ピアノの旋律に合わせて、流れるような滑行と精確な3Aが繰り広げられ、転体の速さと着地の安定感が圧倒的だ。
「去年の世青賽チャンピオン。五種の三周跳が完璧で、演技力も成人組並みだ。」
宋監督が椅子に座り、画面を指さす。
「これが君たちの目標だ。同じ年齢とは思えない完成度だろ?」
珏の視線は画面から離せない。
少年の跳びは力強く、まるで空に浮かんでいるような滞空感があり——自分の3Aと比べると、軸の締めるタイミングが少し遅れてることに気づいた。
「……すごい。こんなに安定してる。」
「君の長所は回転スピードだ。」
俊介が肩を叩く。
「だから編舞でその長所を活かす必要がある。今のプログラムでは、まだ君の力が出切れてない。
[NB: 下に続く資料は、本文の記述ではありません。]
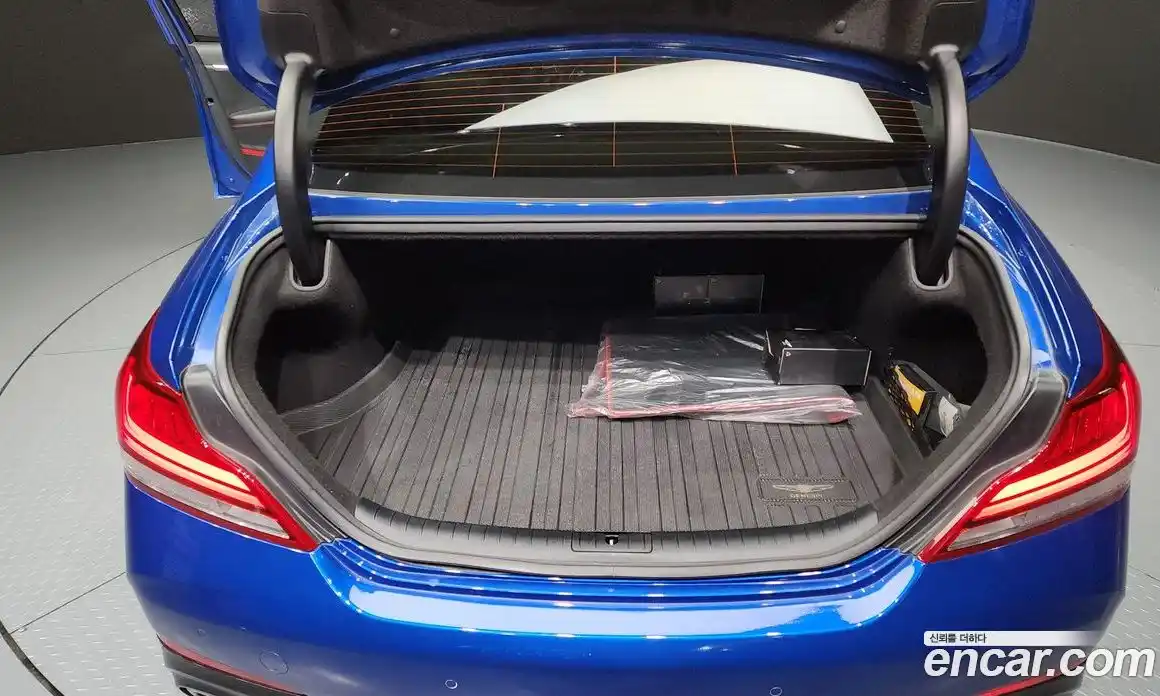 Genesis G70 2018 2.0 Автомат в Москве № 58053, фото 15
」
次に映るのは日本の選手、寺岡隼人的パフォーマンス。
滑らかなエッジの使い方と音楽との契合度が驚異的で、珏は無意識に見入ってしまう。
「この曲……耳に馴染む。」
「ミシェル・ラグランドの『1942年の夏』のサウンドトラだ。」
俊介の声が柔らかく響く。
「お母さんが妊娠中、胎教としてよく聞かせていたよ。病院で見た、あの半開きのまなざしと同じぬくもりが、この旋律に込められてるんだ。」
珏の心臓が「ドキッ」と跳ぶ。
忘れていた記憶が蘇る——暗い部屋で、母の手が自分の頭を撫でる触感と共に、この旋律が流れていた。
「……思い出せる。」
声が自然と震えていた。
宋監督がクリックで画面を閉じる。
「今年の予算が増えた。君たちに新しいプログラムを作る費用を批準する。俊介、珏を連れて、金さんのところに行け。あの人が編舞すれば、君の可能性を最大限引き出せる。」
金塑龍の工作室は古い町並みの中に隠れている。
ドアを開けると、生地の香りとピアノの音が漂ってくる。
「俊介、久しぶり。前に話してた外甥って、この子か?」
金さんは眼鏡を推しながら笑い、珏に手を招いた。
「さっそくだが、腕を上げてみて。肩のラインと手先の使い方を見せて。」
珏は照れながら腕を上げる。
金さんはじっと見つめ、指で空中をなぞる。
「上半身の柔らかさがいい。静かな旋律が生きる体だ。プログラムの音楽は、この『1942年の夏』にする?」
「短プログラムはどうするんですか?」
珏が小さく聞くと、金さんが楽譜を広げた。
「『Jane Eyre Theme』がいい。短プログラムは緊張感が走る構成、フリーは物語性を重視する——どちらも君の内側の強さを引き出せる。」
「ほんとに……俺でも? この曲の思いを伝えられるか?」
少年の声が小さくもれ、俊介が横から拍肩した。
「もちろんだ。君が練習する姿を見てる限り、絕対にできる。」
「そうだな。」
金さんがピアノを弾き始める。
柔らかな旋律が部屋に満ち、珏の目を閉じる——母の温かい手、ベッドサイドで流れていた音楽、忘れていたぬくもりが重なり合う。
夕暮れの光が工作室の窓を染める。
珏は金さんから渡された楽譜を胸に抱く。
——軸を締めるタイミングを練習しよう。
——新しいプログラムで、自分の全力を燃やそう。
——母に見せるために。
少年の足取りは少し軽くなり、編舞の約束が結ばれ、新しい挑戦の幕がゆっくり開けた。
みなさん 第八章まで読んでくれて超感謝!
珏の3A練習、金さんの編舞提案、母の思いが込められた音楽… どれもワクワクする展開でしょ~?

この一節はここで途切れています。